# New Beretta



## paratrooper (Feb 1, 2012)

Forget the Beretta M9 -- Here's a New Gun That Will Knock Your Socks Off


----------



## TAPnRACK (Jan 30, 2013)

An interesting design, I can't wait to get my hands on one and see how it compares to the rest of the poly guns out there.


----------



## SailDesign (Jul 17, 2014)

Not diggin' it. Looks like a Glock&Wesson G&P GenX


----------



## muckaleewarrior (Aug 10, 2014)

That looks cool. Kinda like one Robocop would use. I may have to get one down the line.


----------



## denner (Jun 3, 2011)

•less recoil
•improved accuracy
*and capable of a faster rate of fire. (No hammer also means no hammer to snag when you're drawing your weapon.)

I don't know if I'm buying these claims over the 92, PX4, P226, USP or any other high quality hammer fired pistol at least in SA and not in DA if you can shoot them well. The Nano was Beretta's first striker fired pistol.

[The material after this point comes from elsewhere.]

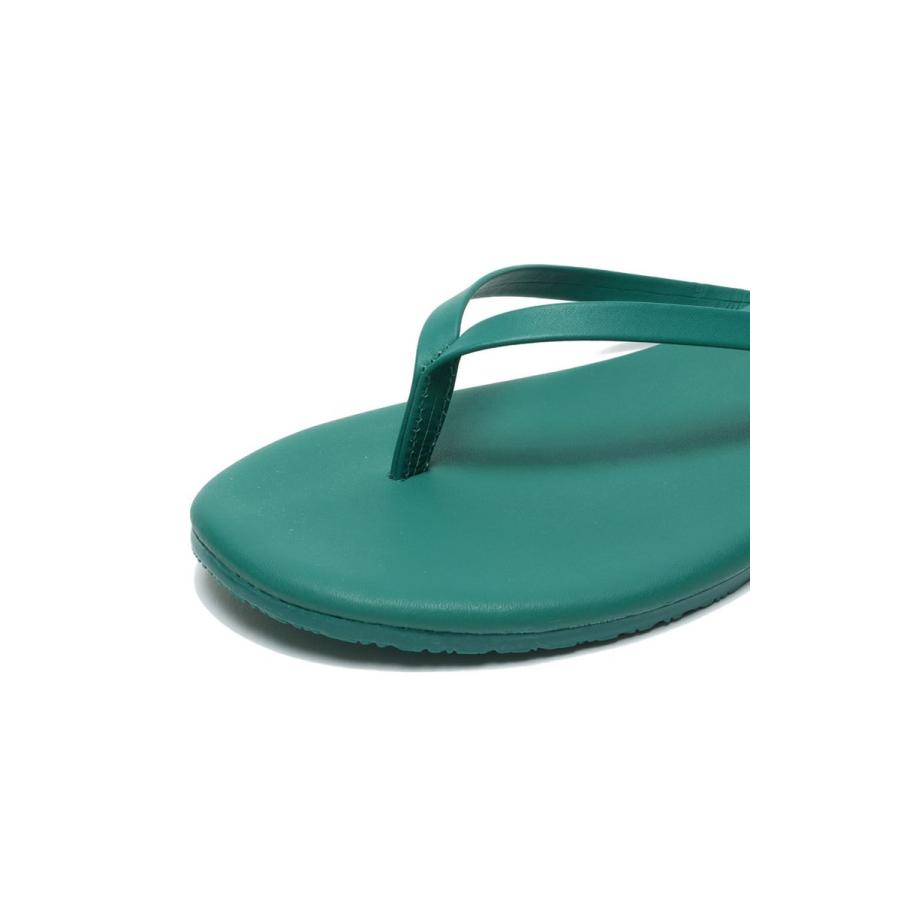【SALE】Solids -EMERALD TKEES(ティキーズ) |  | 05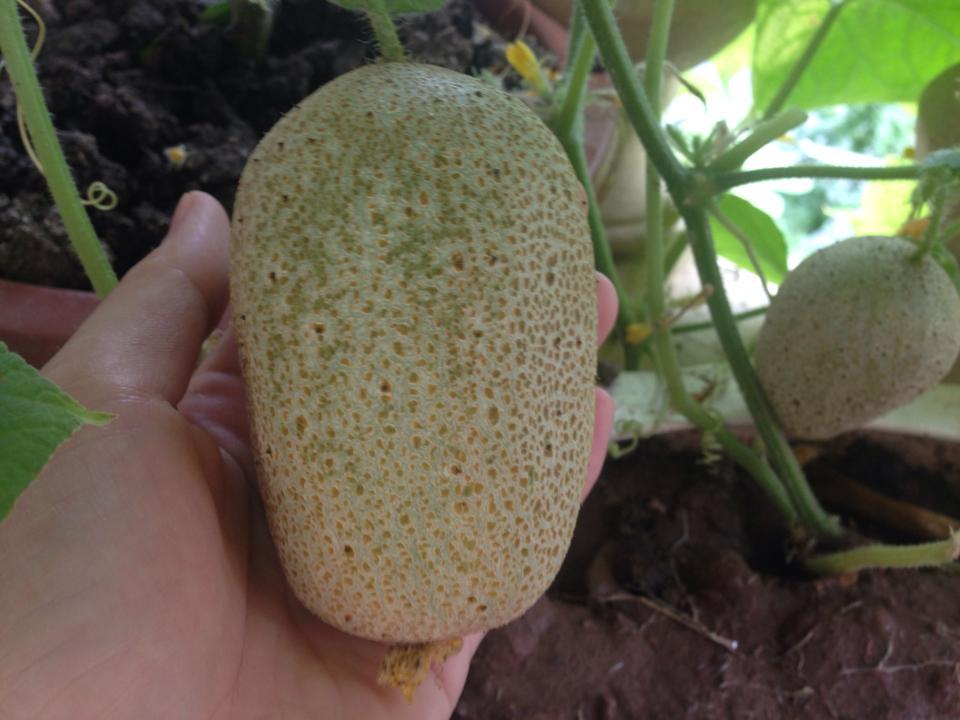 Arkansas Little Leaf Pickling Cucumber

However, I believe polymer pistols win in the modularity and weight department and striker fired pistols are generally easier for the beginner to master with it's consistent trigger pull.


----------



## CPAwithaGun (Nov 9, 2013)

Interesting article, I purchased the Beretta ARX100 rifle and love it. So I will be interested in this..but I love Glocks..


----------